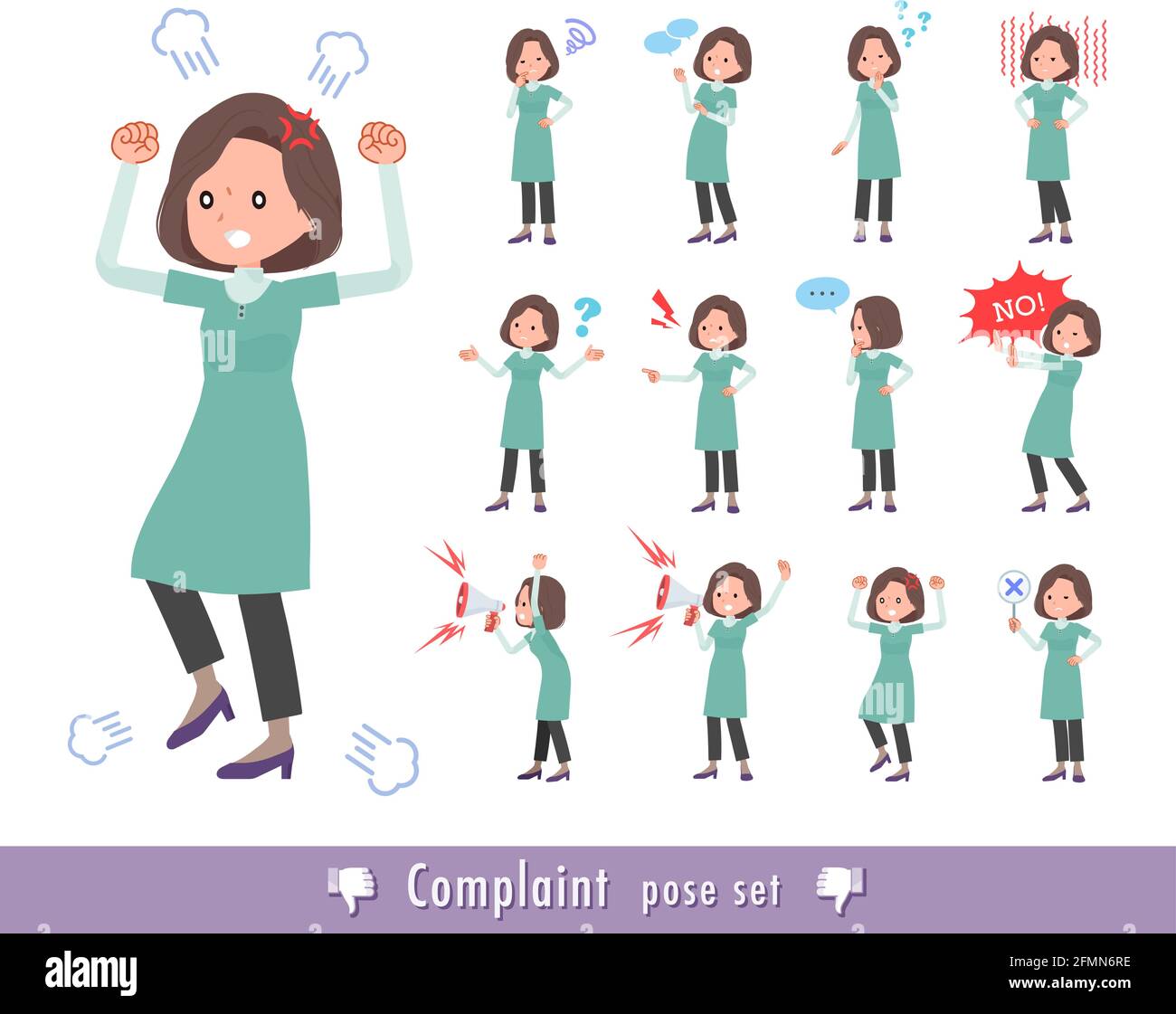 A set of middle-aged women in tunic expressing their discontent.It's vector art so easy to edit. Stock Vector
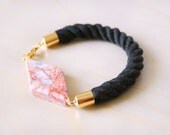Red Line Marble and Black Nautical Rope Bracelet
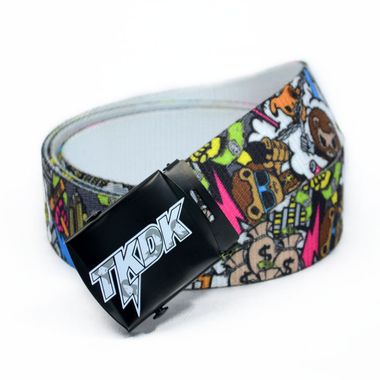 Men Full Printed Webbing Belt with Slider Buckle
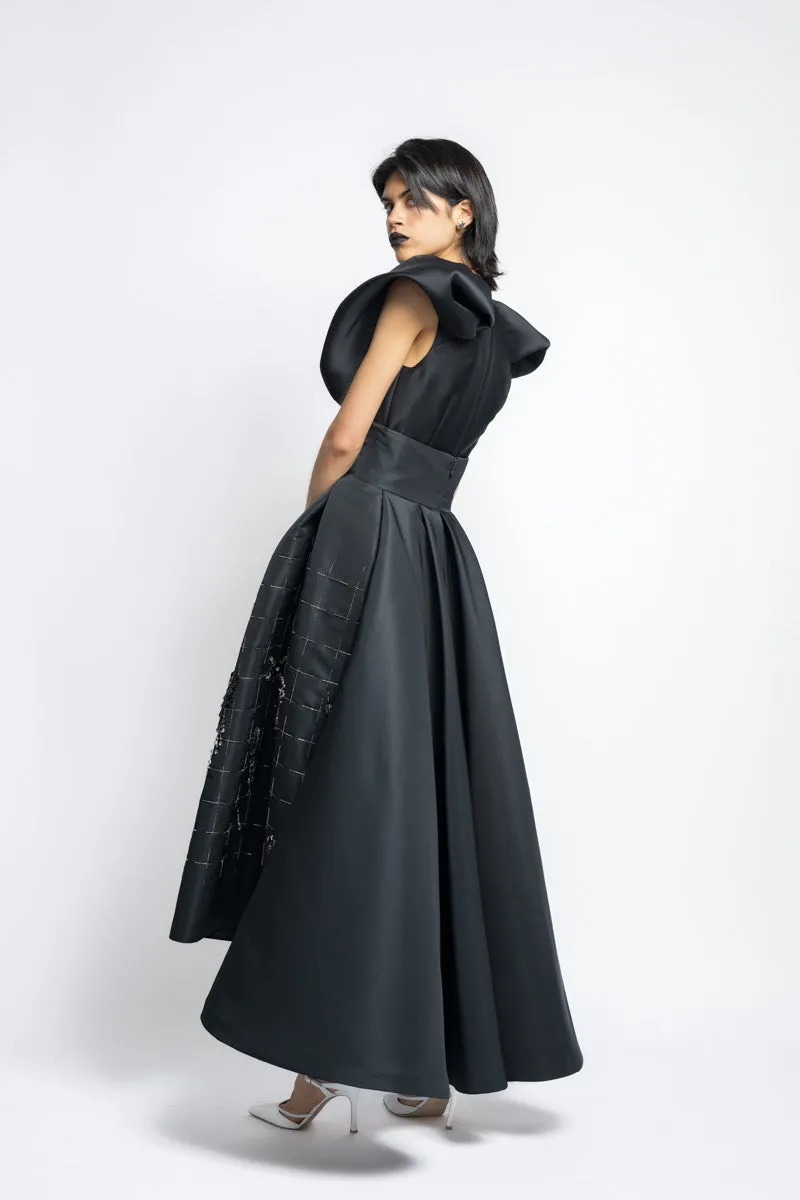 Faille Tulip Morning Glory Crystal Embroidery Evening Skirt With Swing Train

______

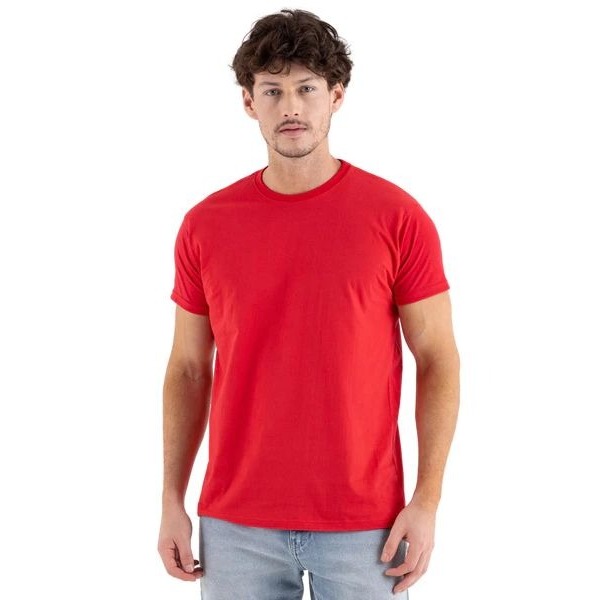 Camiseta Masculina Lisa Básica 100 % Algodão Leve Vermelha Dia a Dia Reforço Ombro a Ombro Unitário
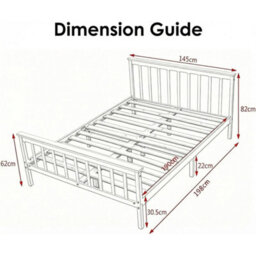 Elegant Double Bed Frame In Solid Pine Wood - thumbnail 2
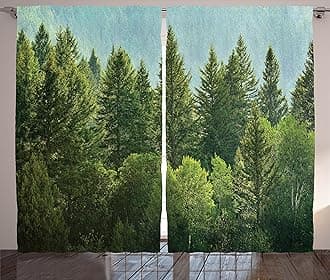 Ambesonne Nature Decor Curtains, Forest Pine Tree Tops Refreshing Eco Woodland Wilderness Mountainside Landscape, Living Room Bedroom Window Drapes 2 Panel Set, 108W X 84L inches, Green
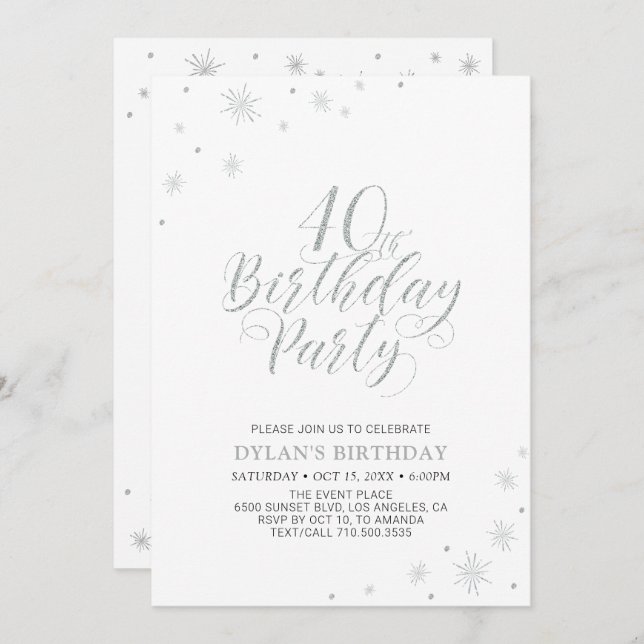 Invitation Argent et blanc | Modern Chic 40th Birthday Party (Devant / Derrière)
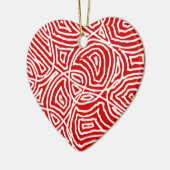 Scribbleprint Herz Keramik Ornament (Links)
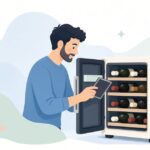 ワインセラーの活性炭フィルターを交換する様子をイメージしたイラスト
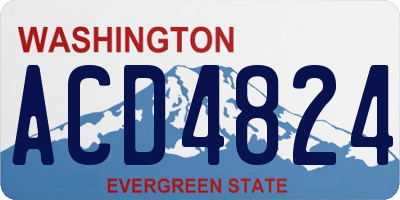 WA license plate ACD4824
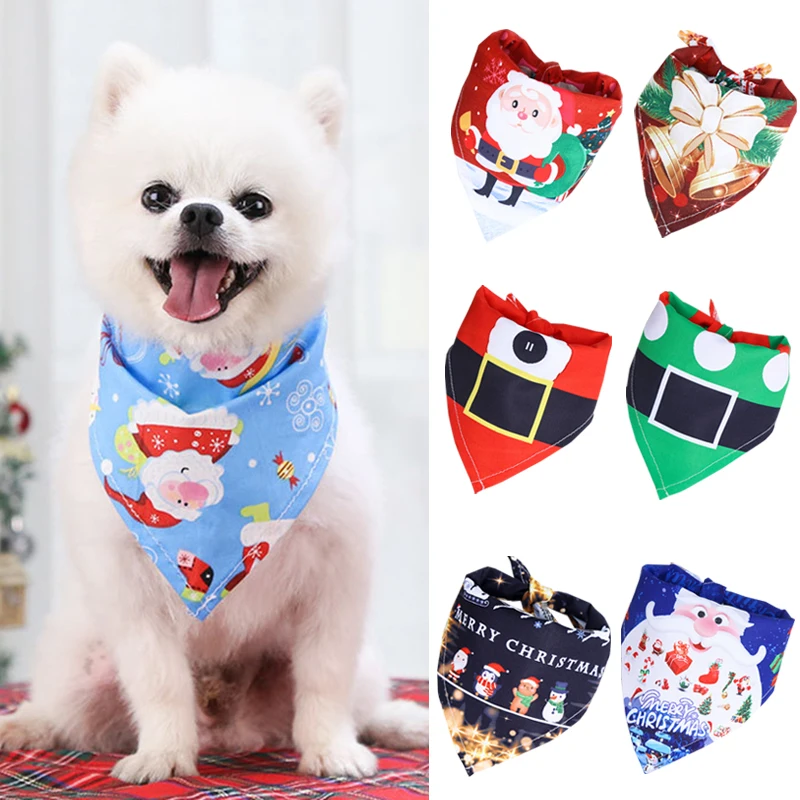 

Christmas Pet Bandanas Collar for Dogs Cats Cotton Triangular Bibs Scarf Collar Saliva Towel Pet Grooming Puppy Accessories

______

Task objective
Extract the part of the records that opens with the line containing "A set of middle-aged" and closes with the line containing "Faille Tulip Morning". Take only those lines, exactly, and no pictures.

Task solution
 A set of middle-aged women in tunic expressing their discontent.It's vector art so easy to edit. Stock Vector
Red Line Marble and Black Nautical Rope Bracelet
 Men Full Printed Webbing Belt with Slider Buckle
 Faille Tulip Morning Glory Crystal Embroidery Evening Skirt With Swing Train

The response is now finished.